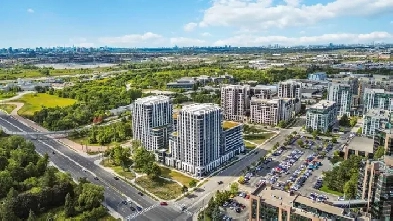 Luxury 2Bed/2Bath Condo in Markham (Unionville)   Parking/Locker Image# 6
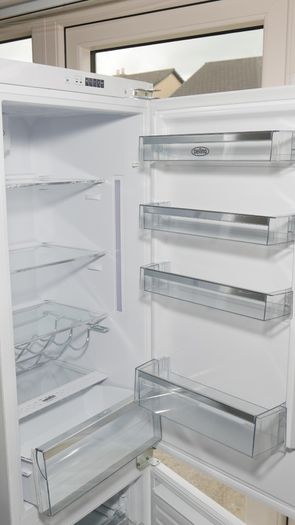 Belling 54cm Frost Free Fridge Freezer BIFF7030E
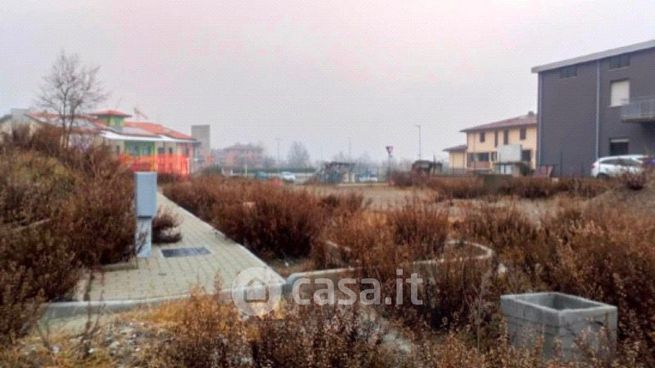 Terreno agricolo in commerciale in Via Radici Nord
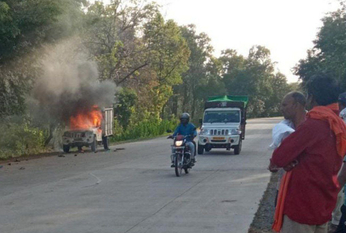 video story- युवक की मौत के बाद आक्रोशित ग्रामीणों ने वाहन में लगाई आग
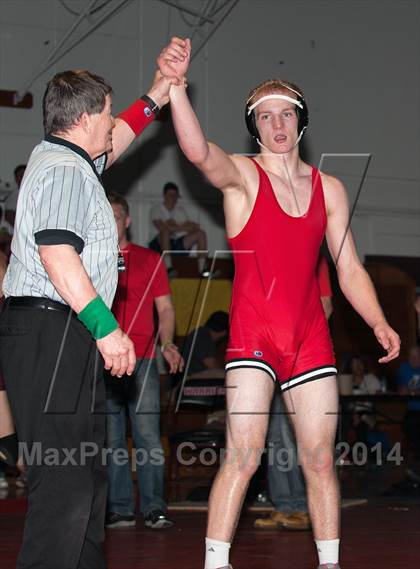 Thumbnail 1 in Sac Joaquin Divisional II Tournament Finals photogallery.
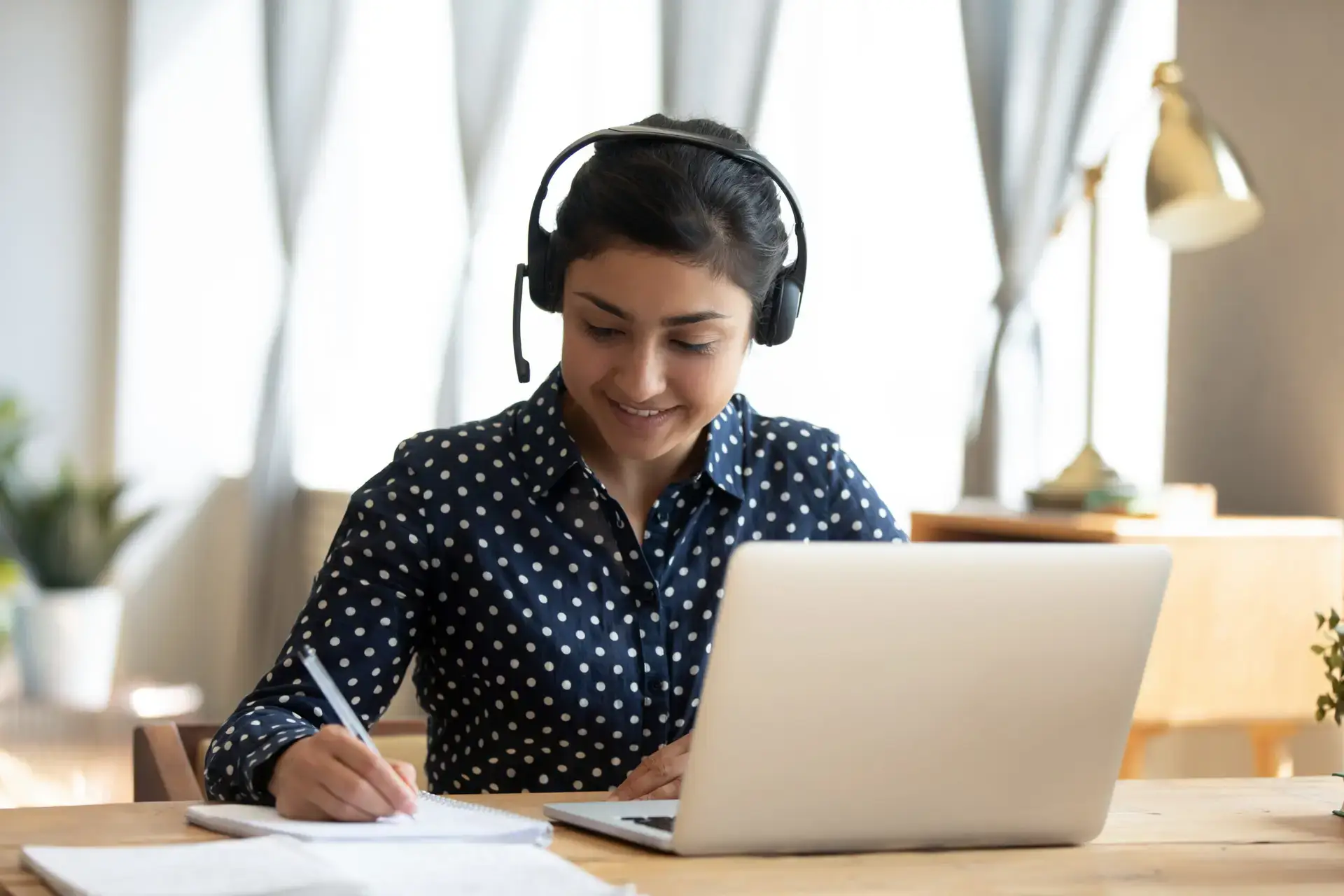 what is the difference between translation and interpretation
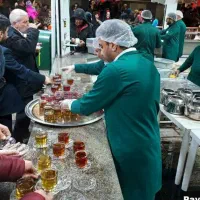 روپوش چایخانه|لباس|مشهد, راه آهن|دیوار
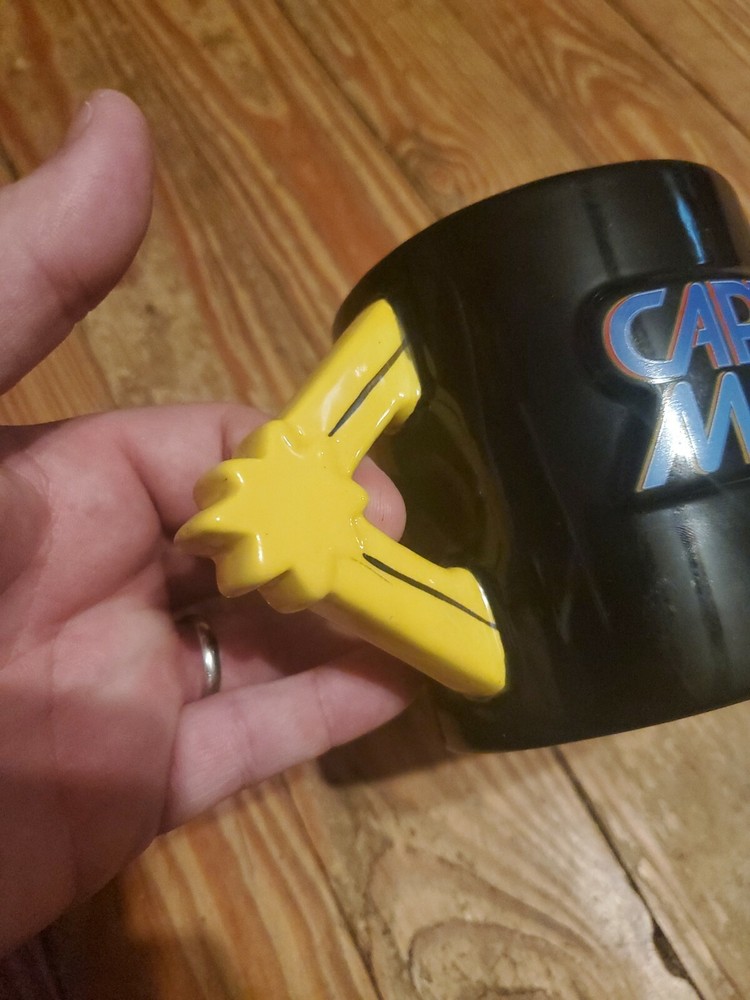 Captain Marvel 20 oz ceramic mug from vandor / Avengers /Marvel Raised Letters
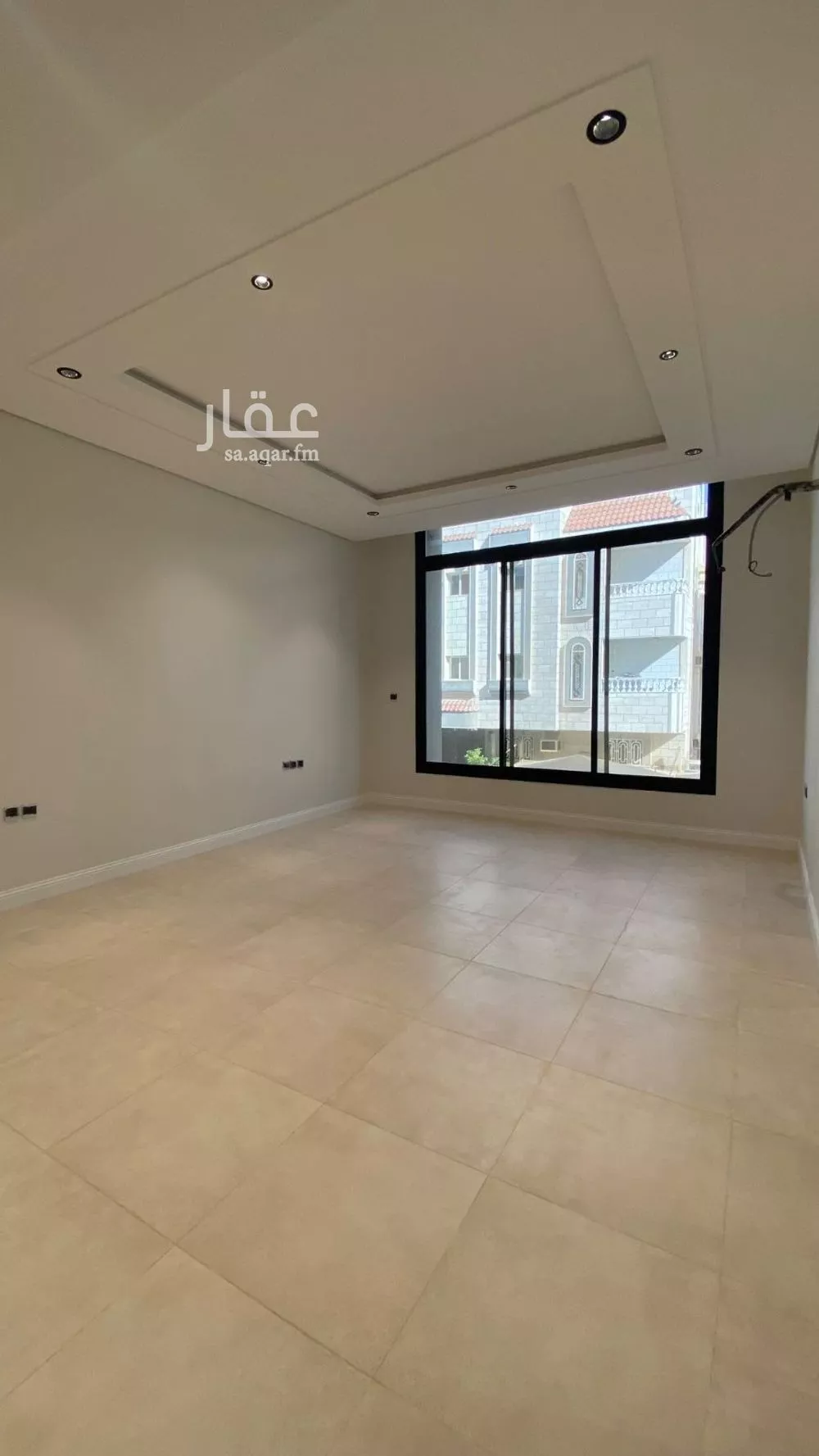 4 bedroom apartment in Al Rawdah 4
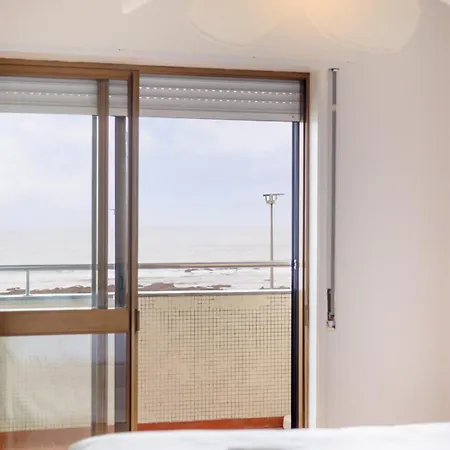 Front Av Dos Banhos Apartmán *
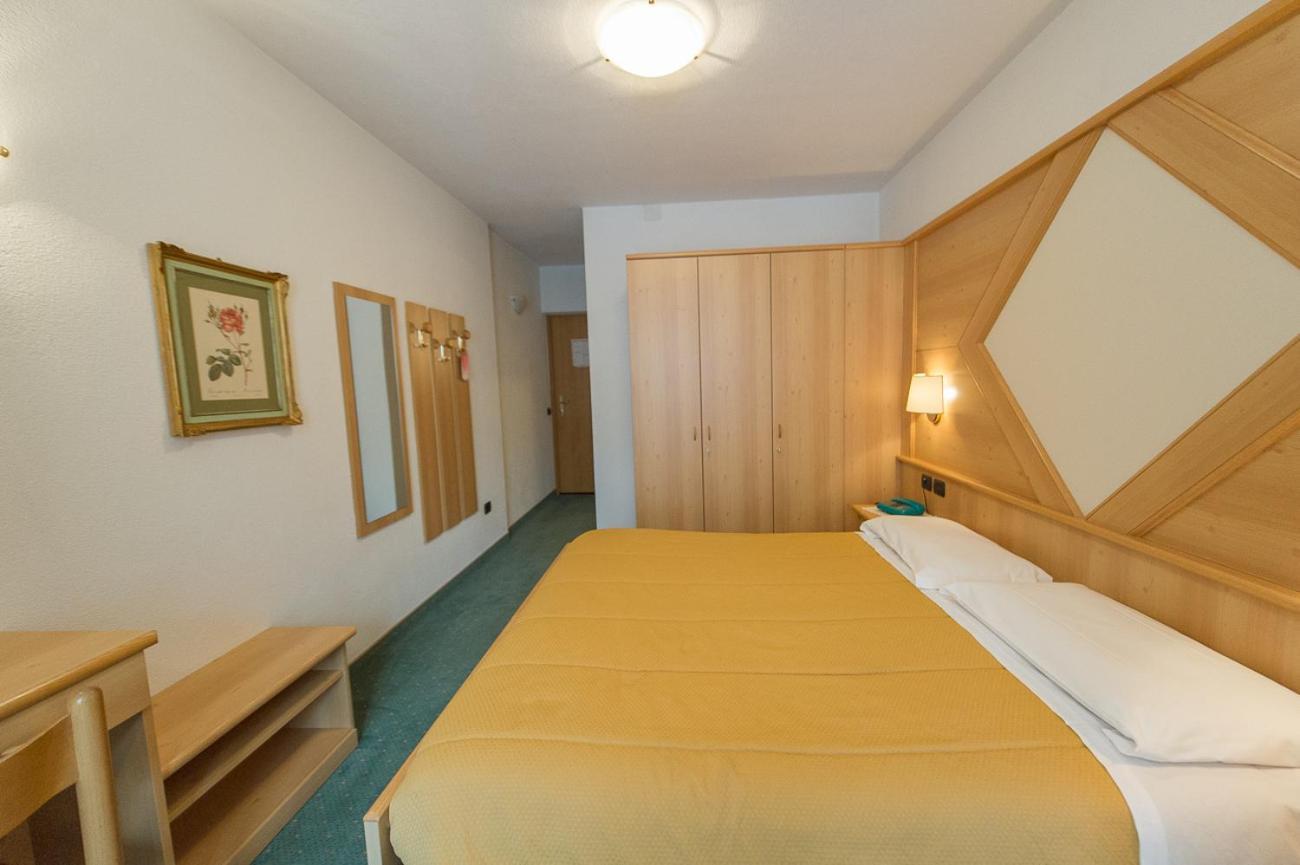 Hotel Italia Кастелло-ди-Фьемме Экстерьер фото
----
ACTIVITY:
Give back the data exactly. Skip any images.

WRITTEN SOLUTION:
 Luxury 2Bed/2Bath Condo in Markham (Unionville)   Parking/Locker Image# 6
 Belling 54cm Frost Free Fridge Freezer BIFF7030E
 Terreno agricolo in commerciale in Via Radici Nord
 video story- युवक की मौत के बाद आक्रोशित ग्रामीणों ने वाहन में लगाई आग
 Thumbnail 1 in Sac Joaquin Divisional II Tournament Finals photogallery.
 what is the difference between translation and interpretation
 روپوش چایخانه|لباس|مشهد, راه آهن|دیوار
 Captain Marvel 20 oz ceramic mug from vandor / Avengers /Marvel Raised Letters
 4 bedroom apartment in Al Rawdah 4
 Front Av Dos Banhos Apartmán *
 Hotel Italia Кастелло-ди-Фьемме Экстерьер фото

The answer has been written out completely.